Feature fusion module

The feature fusion is an important and common operation of semantic segmentation network, which can strengthen the representation of the features extracted by the encoder. The basic fusion operation is the element-wise summation or concatenation. BiSeNetV1 [21] uses the Attention Refinement Module (ARM) to facilitate multi-scale fusion in the context path, and Feature Fusion Module (FFM) fuses the features in spatial path and context path. Although STDCNet [25]uses the same fusion method as BiSeNetV1 [21], it has only a detail path, and the spatial path is one of the stages. In BiSeNetV2 [22], the Bilateral Guided Aggregation (BGA) Layer fuse the complementary information from the detail branch (the low-level) and semantic branch (the high-level). DFANet [24] fuses features in sub-network aggregate and sub-stage aggregate ways.

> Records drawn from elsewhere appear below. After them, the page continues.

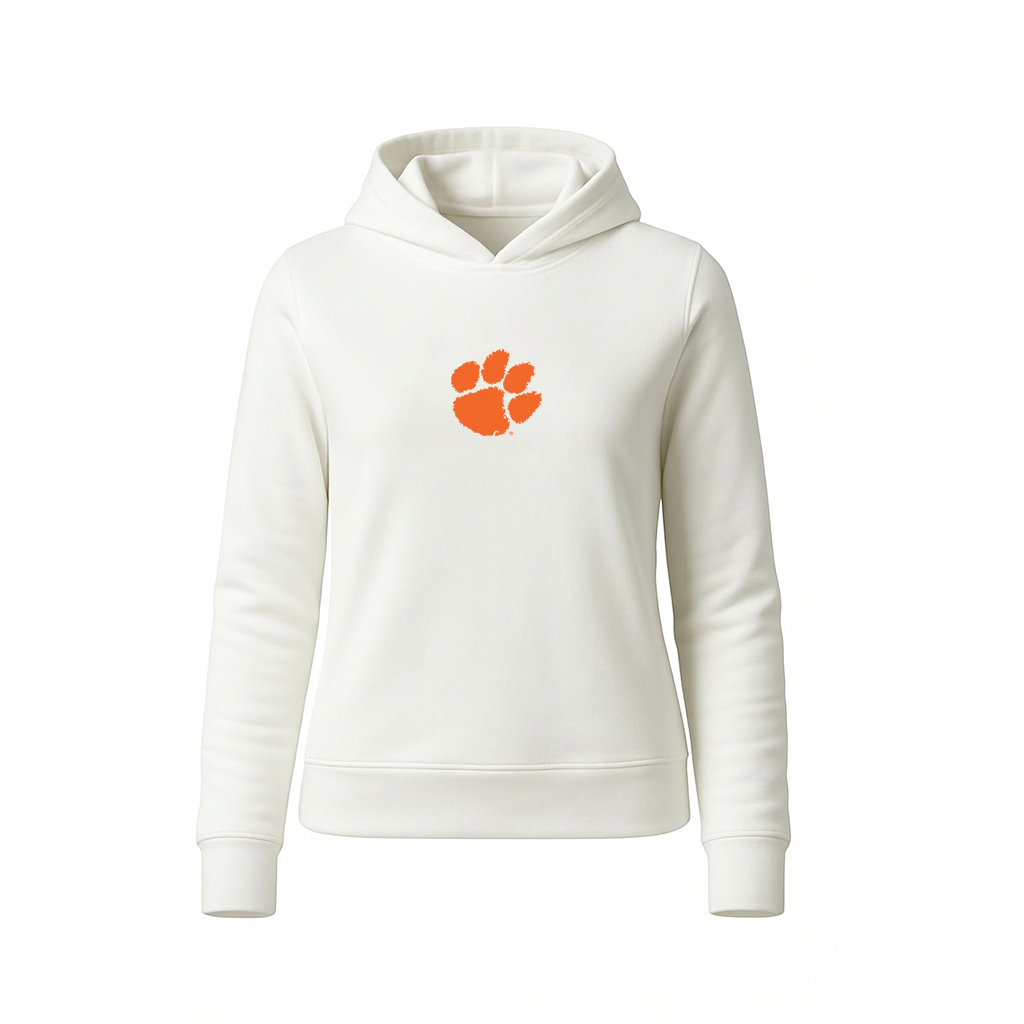 Relaxed Fit Waffle Hoodie Clemson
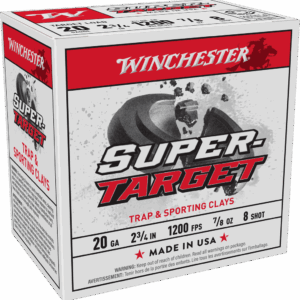 WINCHESTER 20GA 2-3/4" #8 7/8OZ 25RD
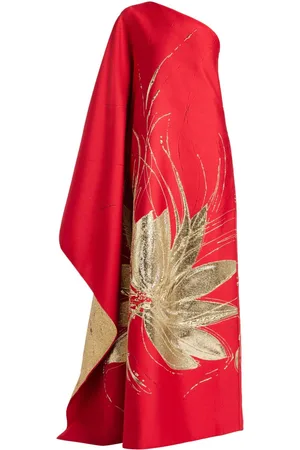 ‎Taller Marmo‎ Abendkleid mit Print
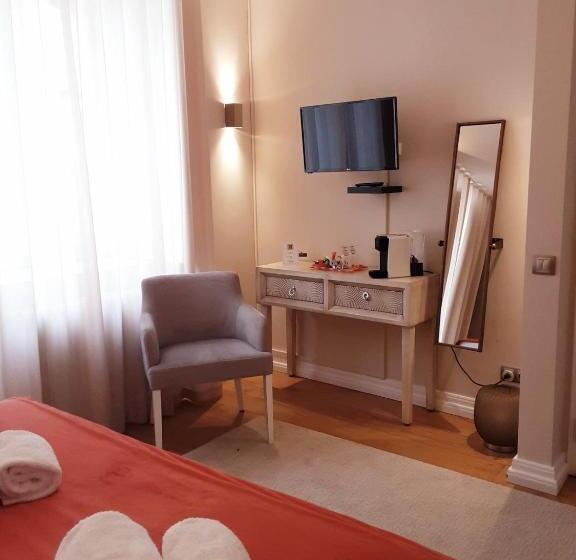 디럭스 룸, Villa Zawaia B&b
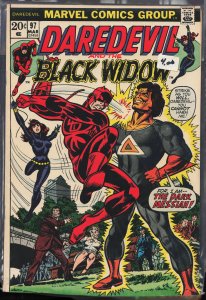 Daredevil #97 (1973) Black Widow
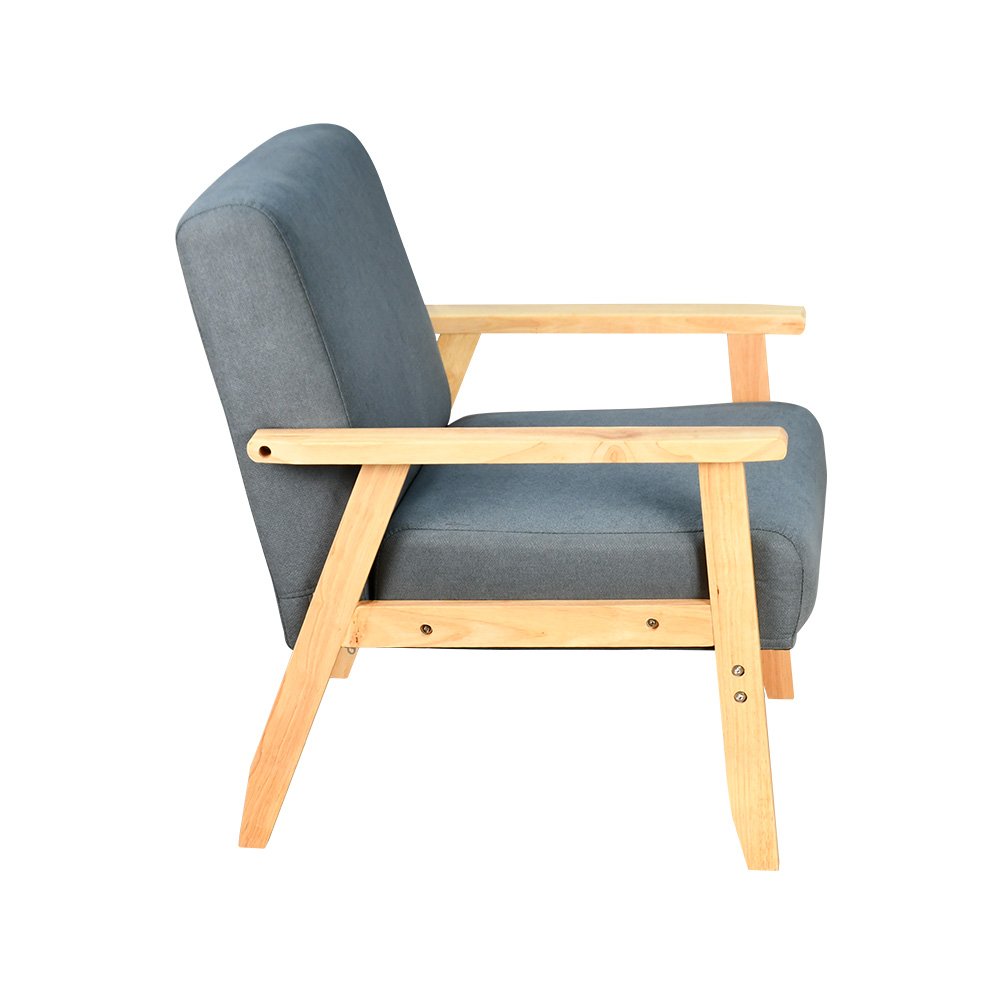 جلسة خارجية 5 مقاعد وطاولة خشب عصرية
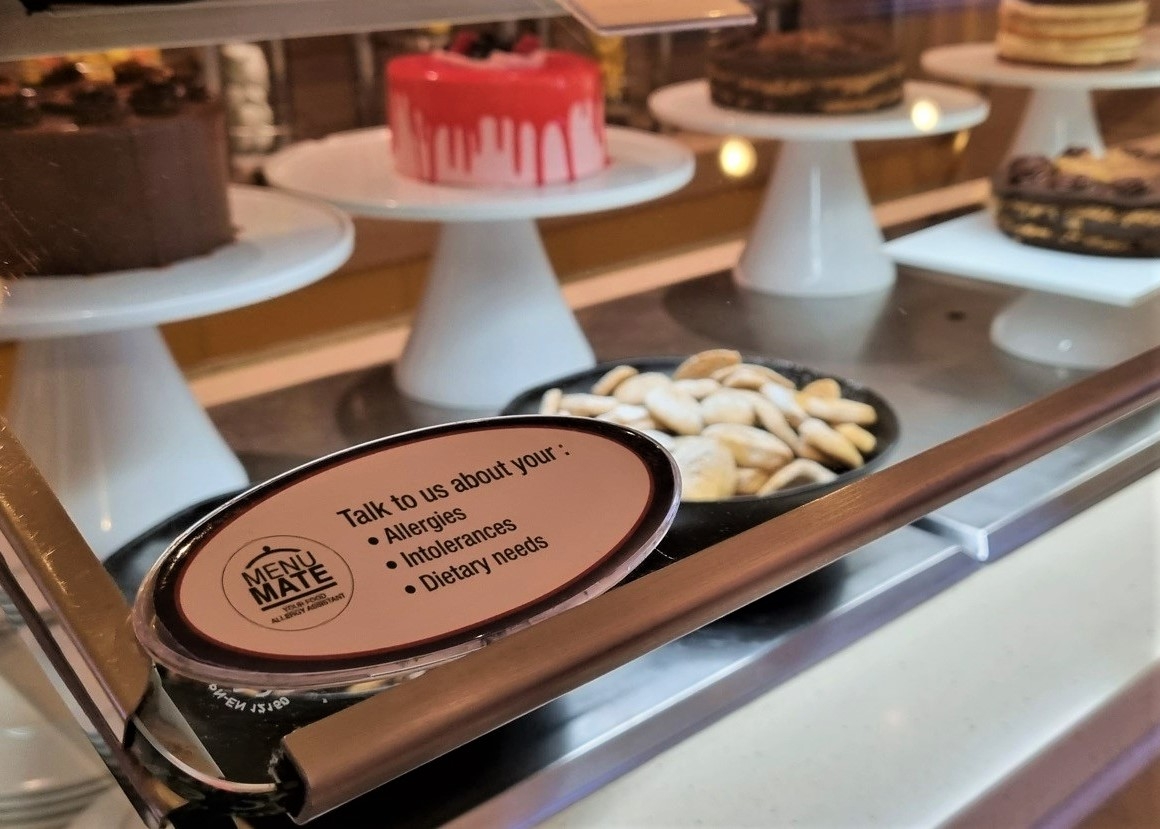 Menu Mate helps guests meet dietary needs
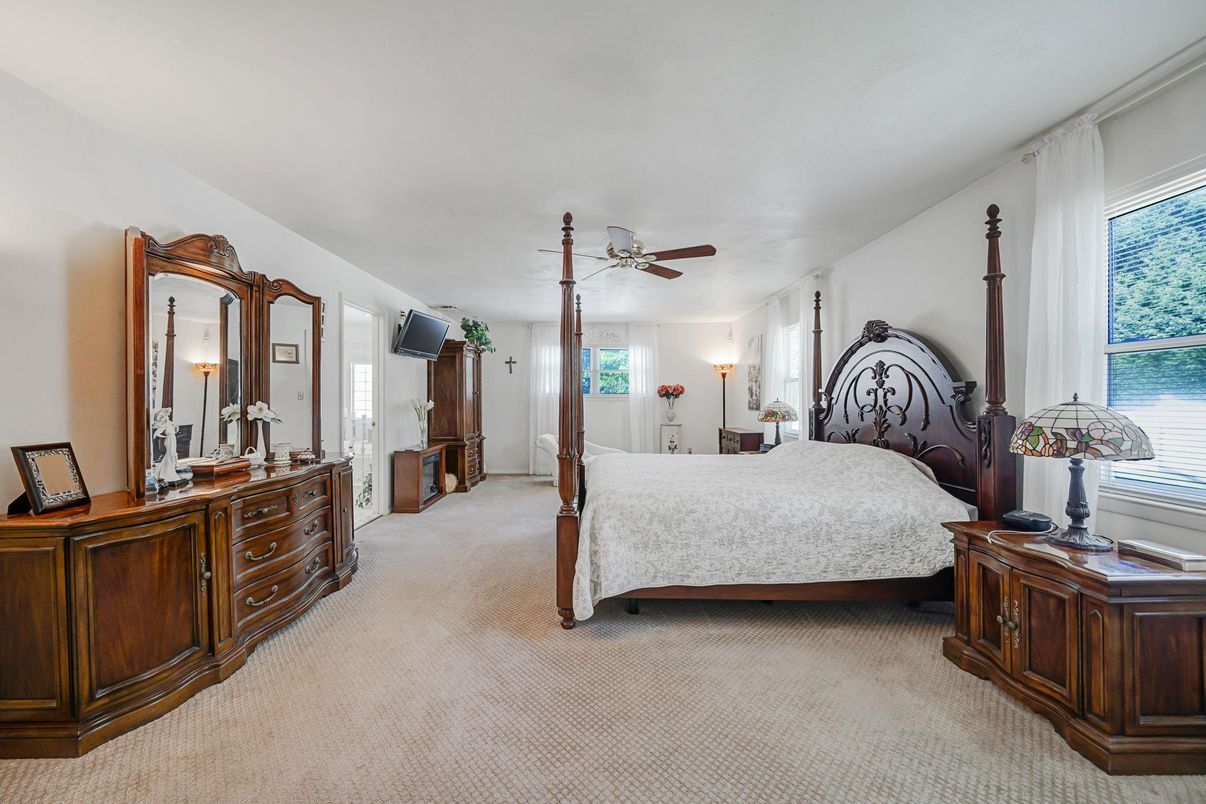 Bedroom, Interior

DDRNet [45] has two parallel deep branches with different resolutions, and features fusion through multiple bilateral fusion operations.

Our proposed method

In this section, we first introduce the architecture of our proposed Compact Interactive Dual-Branch Network (CIDNet). We then describe our proposed Spatial-Channel Interactive Module (SCIM) used for reducing the loss of two branches of CIDNet during fusion, and further give the Dual-Branch Contextual Attention Fusion Module (DBCAFM) used to fuse the two branches for semantic segmentation.

The architecture of compact interactive dual-branch network (CIDNet)

Due to that the detail branch is time-consuming, the current complete dual-branch network has a large computational cost and is not easily trained [22]. In this work, we propose a novel Compact Interactive Dual-branch Network (CIDNet), The architecture of our proposed CIDNet consists of a compact interactive detail branch and a semantic branch, shown in Fig. 2. The compact interactive detail branch shares the first three stages with the backbone network and merges with the semantic branch at the S3 stage. Our compact interactive detail branch has two stages (D4 and D5), and each stage has two layer. Each layer of the detail branch is a convolution layer followed by batch normalization and activation function. Each convolution layer has a stride \(s=1\), which can maintain high resolution. High resolution and high channel capacity make detail branch encode rich spatial location information.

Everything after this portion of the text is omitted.